1202.16(c)(v)(A) Model Designations
In §1(b), 44, or 66(a) applications, marks that appear to be merely model designations (either wholly comprising the mark or used with descriptive/generic/informational matter) may be refused registration for failure to function as a mark only where the drawing and mark description are dispositive of the mark’s failure to function, or the record clearly and unequivocally indicates that the entire mark identifies only a model designation. Cf. In re Right-On Co., 87 USPQ2d 1152, 1156-57 (TTAB 2008) (affirming an ornamentation refusal in a §66(a) application despite the lack of a specimen since the mark was decorative or ornamental on its face as depicted on the drawing page and described in the application). For those rare cases where a refusal issues in a §66(a) application, the examining attorney must not offer an amendment to the Supplemental Register. Applications filed under §66(a) are not eligible for registration on the Supplemental Register.37 C.F.R. §§2.47(c), 2.75(c); TMEP §816.01; see also 15 U.S.C. §1141h(a)(4). Otherwise, because of the lack of specimen of use, a failure-to-function refusal is inappropriate.
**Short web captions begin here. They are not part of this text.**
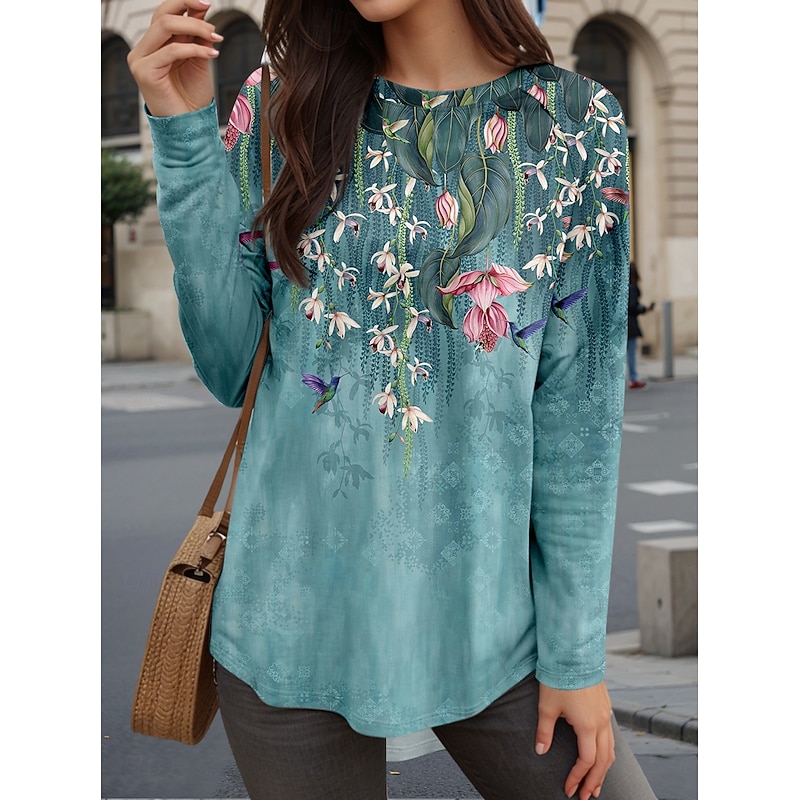 Women's T Shirt Floral Casual Long Sleeve Crew Neck Long Tops Daily Print Blue Fall Winter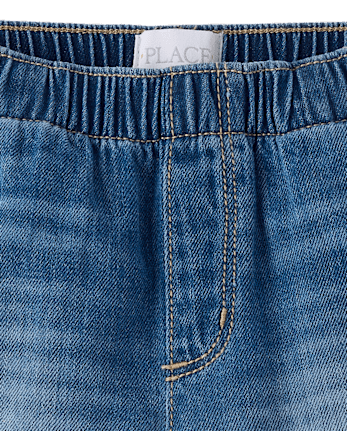 Girls Ruffle Pull On Shortie Jean Shorts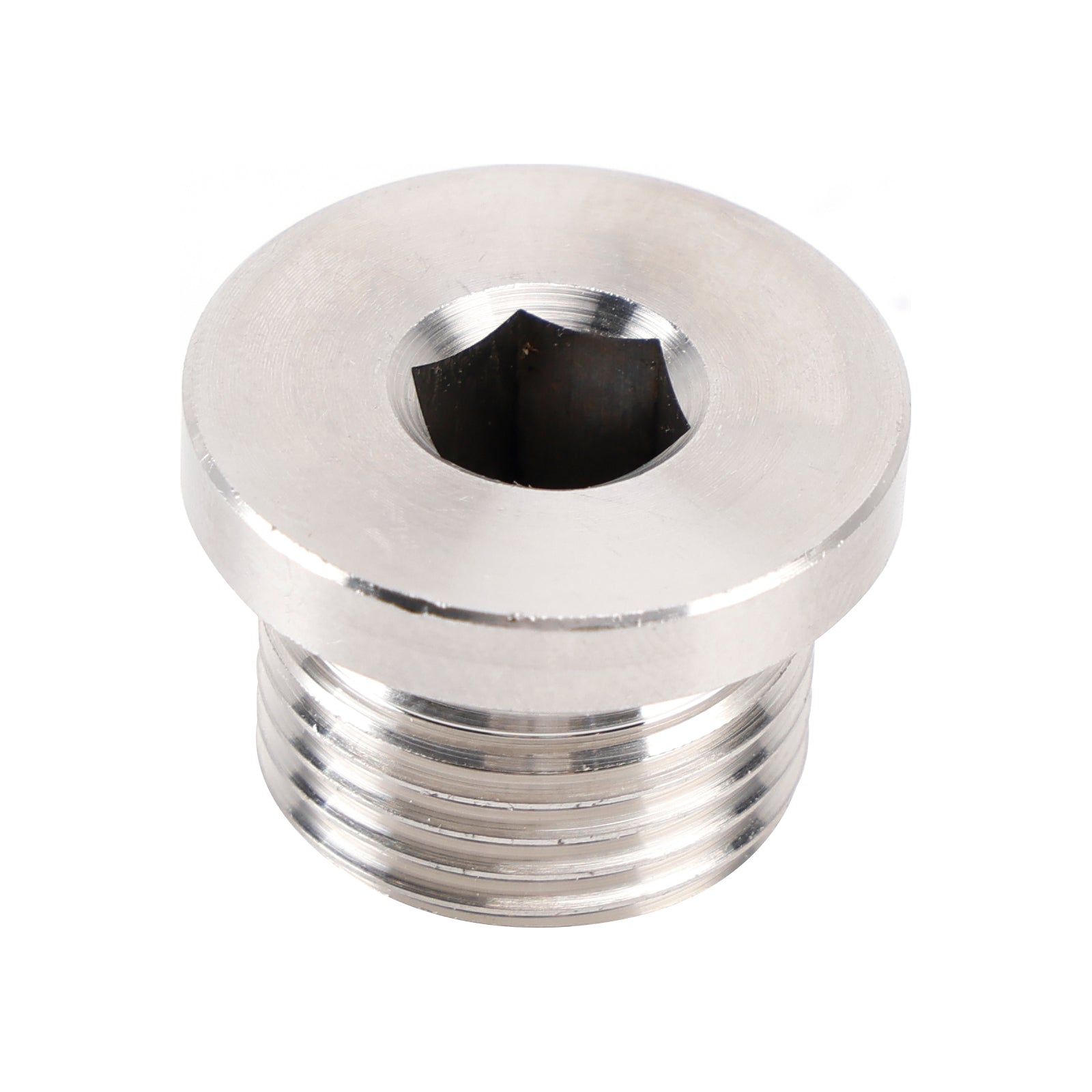 304 Stainless Steel O2 Sensor Plug Cap Inner Hex Head M18x1.5 w/ Copper Washer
If upon initial examination of a §1(b) application, an examining attorney must issue an Office action for other reasons, and the proposed mark appears to be used or intended to be used merely as a model designation, the examining attorney should include a model designation failure-to-function advisory as a courtesy to the applicant. See TMEP §1102.01. Regardless of whether an examining attorney issues an initial advisory before the applicant files an allegation of use, the examining attorney must issue a refusal based on failure to function as a mark after the allegation of use is filed, if supported by the evidence of record. Id.